August 26, 2009
Benchmarking Is Hard, Let's Go Shopping
It's been a while since I started telling people that benchmarking systems is hard. I'm here today because of an article about an article about an article from the ACM Transactions on Storage. (If anyone refers to this post, they should cite it as "blog post about an article about ... ;) .)
While the statement "benchmarking systems is hard" is true for most of systems benchmarking (yes, that's an assertion without supporting data, but this is a blog and so I can state these opinions left and right!), the underlying article (henceforth the article) is about filesystem and storage benchmarks specifically.
For those of you who are getting the TL;DR feeling already, here's a quick summary:
- FS benchmarking is hard to get right.
- Many commonly accepted fs benchmarks are wrong.
- Many people misconfigure benchmarks yielding useless data.
- Many people don't specify their experimental setup properly.
Hrm, I think I just summarized a 56 page journal article in 4-bullet points. I wonder what the authors will have to say about this :)
On a related note, it really bothers me when regular people attempt to "figure out" which filesystem is the best, and they share their findings. It's the sharing part. Why? Because they are uniformly bad.
Here's an example of a benchmark gone wrong...

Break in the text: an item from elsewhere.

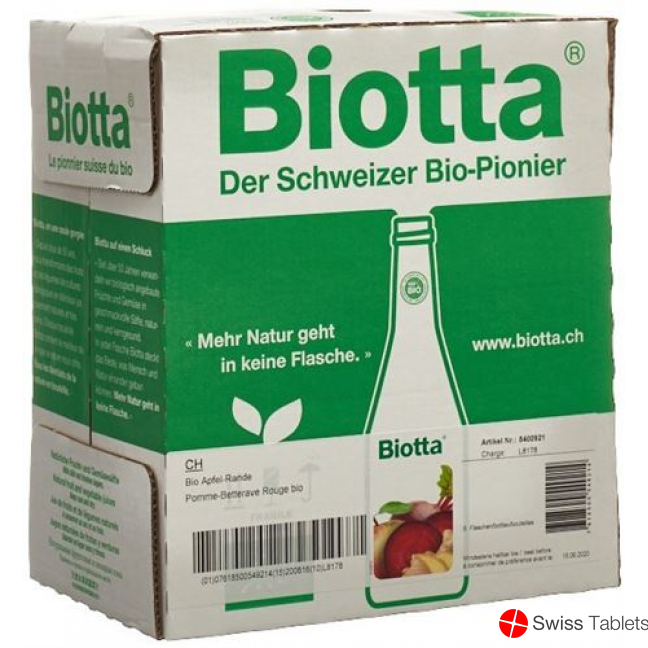 Biotta Bio apple edge 6 Fl 5 dl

Take Postmark. It's a rather simple benchmark that simulates the IO workload of an email server. Or does it? What do mail servers do? They read. They write. But above all, they try to ensure that the data actually hit the disk. POSIX specifies a wonderful way to ensure data hits the disk - fsync(2). (You may remember fsync from O_PONIES & and Other Assorted Wishes.) So, a typical email server will append a new email to the mail box, and then fsync it. Only then it'll acknowledge the receiving the email to the remote host. How often does Postmark run fsync? The answer is simple: never.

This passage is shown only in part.